I don’t know how I will react at the finish.  Will it be like my first marathon – blissful, thankful disbelief?  I know it won’t be like my second at Marine Corps, a grueling disappointing crawl.  Will it be like Charlotte, the joyous, tearful shout of redemption?  I don’t think so.  It’s exciting, a drama played out in real time.  My mind is focused, joyous and happy despite the nausea Living the dream!  I am LIVING THE DREAM!  How often do we get to do this?  How often do any of us get to live our dreams?  The road dips under Mass Avenue.  I see a woman in a pink running skirt ahead of me, and I make a dash for her.  We make a quick right on to Hereford Avenue and a short block later, a left onto Boylston.  A quick glance at my watch and I see 3:57:something.  Oh man.
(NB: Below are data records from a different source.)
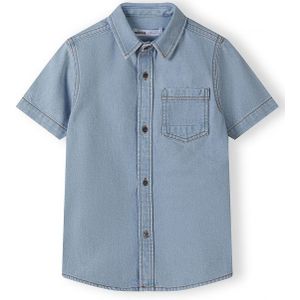 MINOTI Overhemd  blauw denim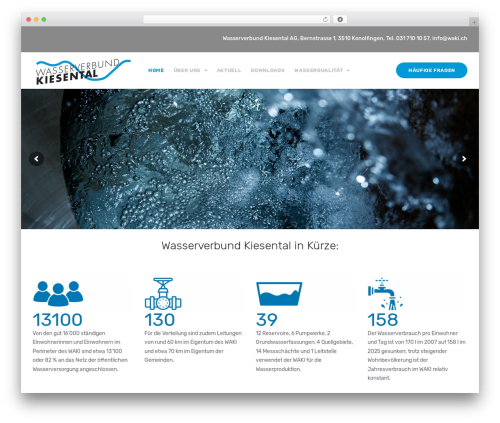 Core extend WordPress plugin - waki.ch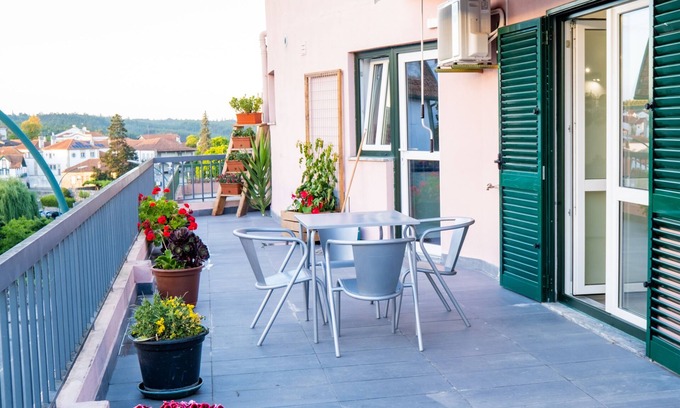 Santa Comba Dao Wohnung | Top floor apartment with incredible outdoor space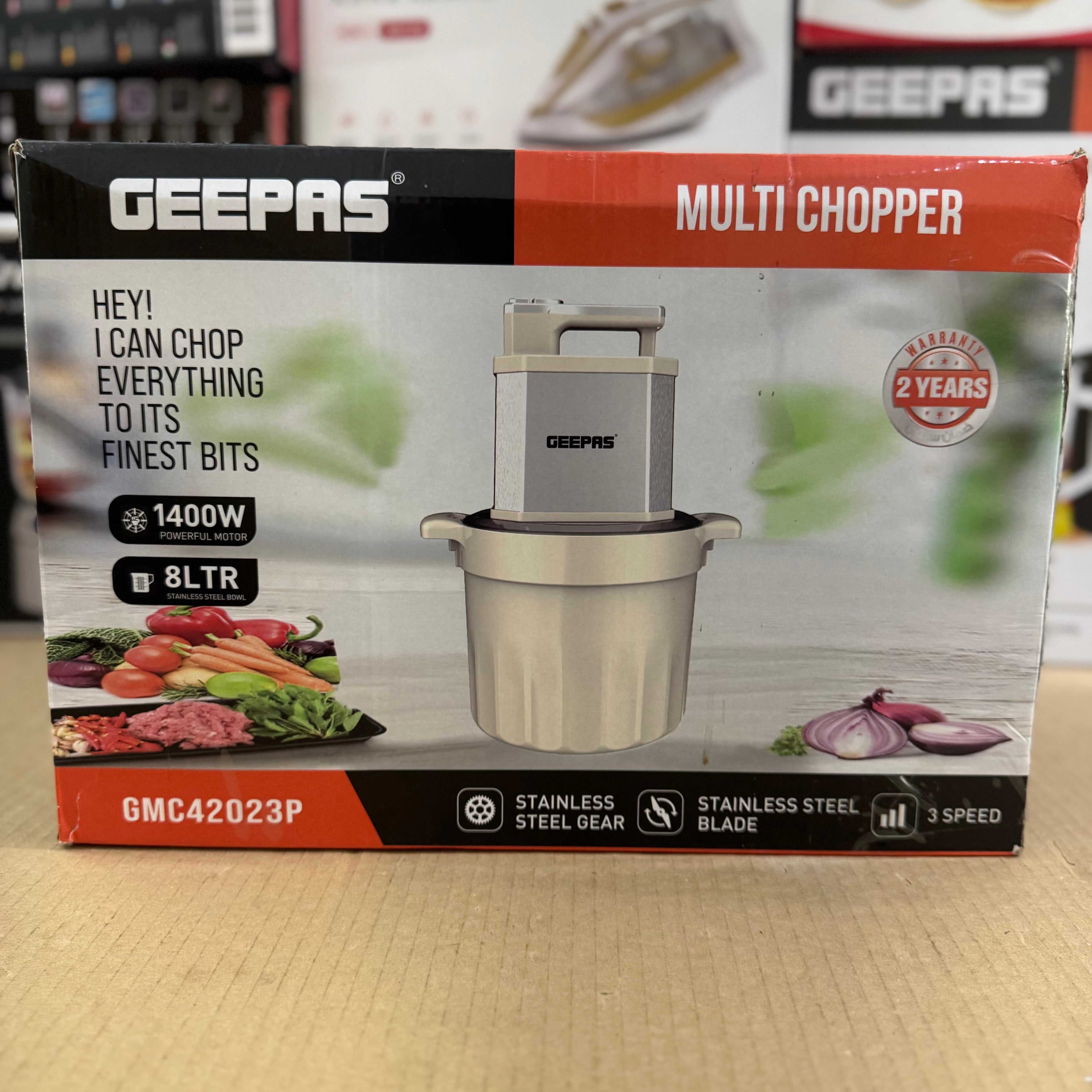 Geepas 1400W Multi Chopper GMC42023P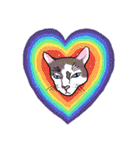 rainbow land（個別スタンプ：5）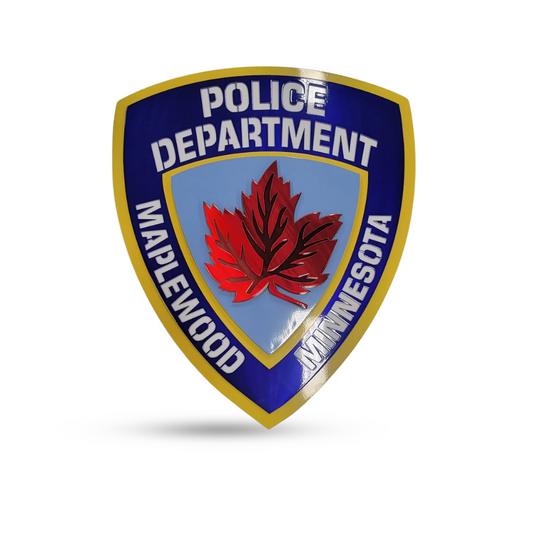Maplewood Minnesota Police Department Patch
I see the finish line, a blue and yellow arch.  I pump my arms.  The crowds are ten or more deep.  I’m sure the cacophony of voices is deafening.  I hear nothing.  Nothing.  I’m running running running.  My legs are on fire.  My stomach is in my throat.  I’m getting that medal.  I’m steps from the finish line.

Spring in Boston
What is Spring?  Is it a season, an aligning of stars, a state of mind?  In my faith, we have celebrated spring with the Easter feast a short week and a day before I toed the starting line of this race.   Spring is the conclusion of the dark season, the end to fast and sacrifice.  It is the hope and promise of renewal, the warmth of longer sunlit days, the seasonal promise of redemption and salvation.  The day before Easter, snow fell in Richmond Virginia, the first and only snow of the year.  I ran that day and saw cotton fluffs on the pink and white blossoms of cherry and dogwood.  Neighbors were out, walking on the roads as the sun broke and we marveled at this anachronism, this oddity and fit of Mother Nature.  She awes us with her ferocity, tempestuousness, and beauty.  On Patriots Day in 2007, I have found all of these.  Whatever I feared before the start of this journey –one that started back in December – is dissolved in the magic and healing that is faith and belief and hope.  Whatever nature decided to put down as speed bumps on this course – be it wind, rain, or cold - are negated by the warm embrace of those who love and believe in me.  The mountains that challenged me on this day – mountains of reality or myth – are leveled by the courage and example of those who grace my life every day. 

I cross the finish line, arms up.  I laugh out loud and celebrate all that is determination and strength and energy and life.  I look at my watch, at the 4:00:10, and am not disappointed at not finishing under four hours.  As in my first marathon, I am again reminded that the reward of the journey is not at the moment and measurement of its completion, but at the gifts that have been so generously bestowed upon me along the way.

I am a Boston Marathon finisher.  But I am more than that: I am a mother, a wife, a daughter, a sister, a friend.  I’m smiling, and I am wholly content.